Court ruling strengthens energy industry

Pfluger, TXOGA, TIPRO say decision weakens power-drunk agencies

FILE - The U.S. Supreme Court is seen, April 25, 2024, in Washington. (AP Photo/Mariam Zuhaib, File)

Congressman August Pfluger has been joined by the Texas Oil & Gas and Texas Independent Producers & Royalty Owners associations in hailing a U.S. Supreme Court decision that overruled the so-called Chevron Doctrine, which had required courts to defer to the legal interpretations of federal regulatory agencies.

“The unelected administrative state has been running roughshod over Congress for decades, implementing burdensome rules and regulations on American industries, especially the oil and gas business,” Pfluger said from Washington, D.C. “The Supreme Court’s decision to return the power to Congress is the beginning of the end for the administrative state.

“I will soon introduce legislation to outline clear next steps toward restoring the lawmaking and oversight power of Congress.”

TXOGA President Todd Staples said regulatory certainty is essential to continue to attract jobs and capital to Texas and the United States and for the oil and natural gas industry to provide the indispensable energy that fuels modern life.

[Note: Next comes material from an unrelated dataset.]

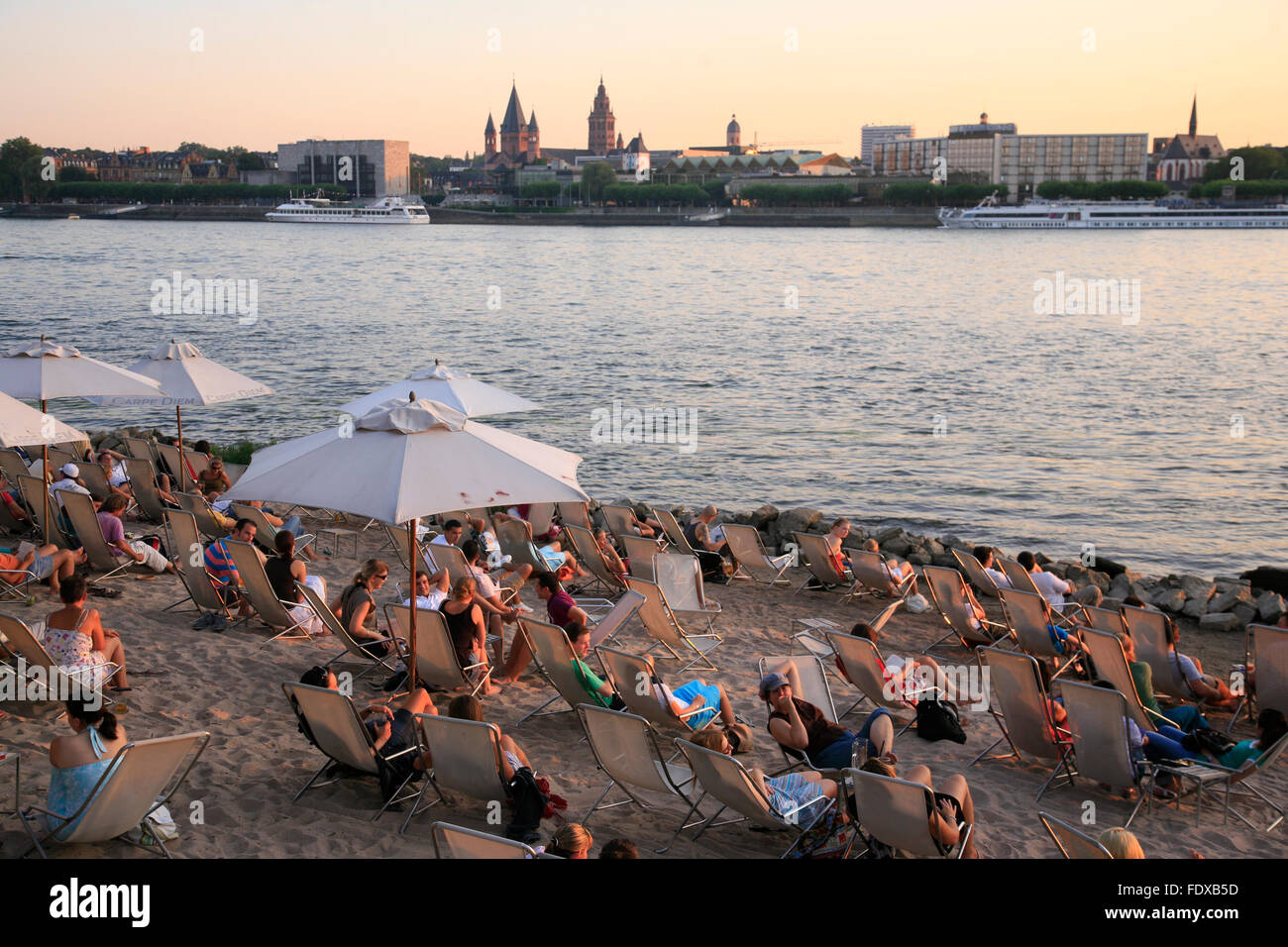 Deutschland, Assia, Wiesbaden, Stadtteil Mainz-Kastel, Strandcafe mit Blick auf die Mainzer Skyline Foto Stock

“Sound, science-based decisions should be the standard and not political agendas,” Staples said from Austin.

TIPRO President Ed Loganecker said last Friday’s landmark ruling will rein in an administrative state that had become too powerful in advancing regulations.

“Federal agencies have clearly taken the Chevron deference too far by implementing their own de facto laws, which can be devastating to entire industry sectors if left unchecked, including oil and natural gas,” Longanecker said. “This decision will help to rebalance power between agencies and the courts.

“We also commend Congressman August Pfluger for his focus and work on this critically important issue.”

The 1984 decision in Chevron vs. National Resources Defense Council involved a challenge to a regulation enacted by the Environmental Protection Agency under the Clean Air Act.

The court’s 6-3 ruling said courts must exercise their independent judgment in deciding whether an agency has acted within its statutory authority as the Administrative Procedure Act requires.

The case had required courts to defer to an agency’s interpretation of laws passed by Congress if it was reasonable and conservative legal scholars and some judges had said the courts were abdicating their responsibility to interpret the law.

The case that led to the court’s reevaluation of the Chevron Doctrine stemmed from a 2020 federal regulation that required the owners of vessels in the Atlantic herring fishery to pay for monitors while they were at sea, according to CBS News.

The federal government had prevailed in legal challenges and fishing companies had asked the Supreme Court to overrule the Chevron ruling.

The Biden administration urged the Supreme Court to leave Chevron deference intact, calling it a “bedrock principle of administrative law,” and Justice Department lawyers argued that the framework allowed experts at federal agencies to interpret statutes because they, not judges, were better suited to respond to ambiguities in a law.